1. | iz | : | olmuştu, olduğu zaman | |
---|---|---|---|---|
2. | ebeka | : | kaçtı | |
3. | ilâ el fulki | : | gemiye | |
4. | el meşhûni | : | dolu |
Hani o dopdolu gemiye kaçmıştı (Hakikat bilgisine rağmen halkına yararlı olamadığı düşüncesiyle sıradan yaşamına dönmüştü).
Hani o, âni bir öfkeye kapılıp görevi terkederek gizlice, istiap haddi aşılarak yüklenmiş, donanımlı bir gemiye binip kaçmıştı.
Hani o, (kavmine vaad ettiği azab gelmeyince aralarında çıkıb) yüklü gemiye kaçmıştı.

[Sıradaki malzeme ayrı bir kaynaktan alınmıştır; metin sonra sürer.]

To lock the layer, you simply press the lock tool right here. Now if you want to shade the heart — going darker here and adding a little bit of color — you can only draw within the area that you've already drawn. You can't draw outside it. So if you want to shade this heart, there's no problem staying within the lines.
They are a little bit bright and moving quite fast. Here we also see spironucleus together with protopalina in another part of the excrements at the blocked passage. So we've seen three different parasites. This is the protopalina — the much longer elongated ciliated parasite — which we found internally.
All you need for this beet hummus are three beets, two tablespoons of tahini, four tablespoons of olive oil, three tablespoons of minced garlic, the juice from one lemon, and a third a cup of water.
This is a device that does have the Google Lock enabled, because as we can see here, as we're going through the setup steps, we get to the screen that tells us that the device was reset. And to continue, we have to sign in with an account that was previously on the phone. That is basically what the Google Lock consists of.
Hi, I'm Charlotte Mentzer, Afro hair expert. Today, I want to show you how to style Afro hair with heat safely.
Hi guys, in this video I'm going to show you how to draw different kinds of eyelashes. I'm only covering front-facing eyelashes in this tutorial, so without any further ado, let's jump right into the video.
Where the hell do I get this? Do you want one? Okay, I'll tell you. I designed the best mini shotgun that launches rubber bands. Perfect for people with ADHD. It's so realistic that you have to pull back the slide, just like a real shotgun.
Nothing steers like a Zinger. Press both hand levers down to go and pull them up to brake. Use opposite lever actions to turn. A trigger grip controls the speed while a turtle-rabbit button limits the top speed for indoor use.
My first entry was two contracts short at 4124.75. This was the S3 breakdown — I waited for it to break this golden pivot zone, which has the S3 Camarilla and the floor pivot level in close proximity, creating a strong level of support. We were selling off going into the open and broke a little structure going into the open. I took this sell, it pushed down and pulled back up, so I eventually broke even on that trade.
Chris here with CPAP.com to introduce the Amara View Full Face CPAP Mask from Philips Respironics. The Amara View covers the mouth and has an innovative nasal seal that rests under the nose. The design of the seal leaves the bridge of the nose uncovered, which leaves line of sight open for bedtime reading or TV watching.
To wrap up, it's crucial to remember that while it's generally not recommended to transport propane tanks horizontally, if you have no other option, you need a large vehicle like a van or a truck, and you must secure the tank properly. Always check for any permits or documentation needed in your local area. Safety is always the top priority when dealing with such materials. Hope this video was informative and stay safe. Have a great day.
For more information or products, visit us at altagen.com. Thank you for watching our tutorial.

(140-142) Hani o kaçıp yüklü gemiye binmişti de gemidekilerle kur'a çekmişti ve kaybedenlerden olmuştu. (O, sahibinden izinsiz kaçan benim diyerek) kınanmış bir halde (kendisini denize atmış) iken balık onu hemen yutmuştu.
(139-140) Ve şüphe yok ki, Yûnus da elbette gönderilmiş peygamberlerdendir. Vaktâ ki O, dolu bir gemiye kaçmıştı.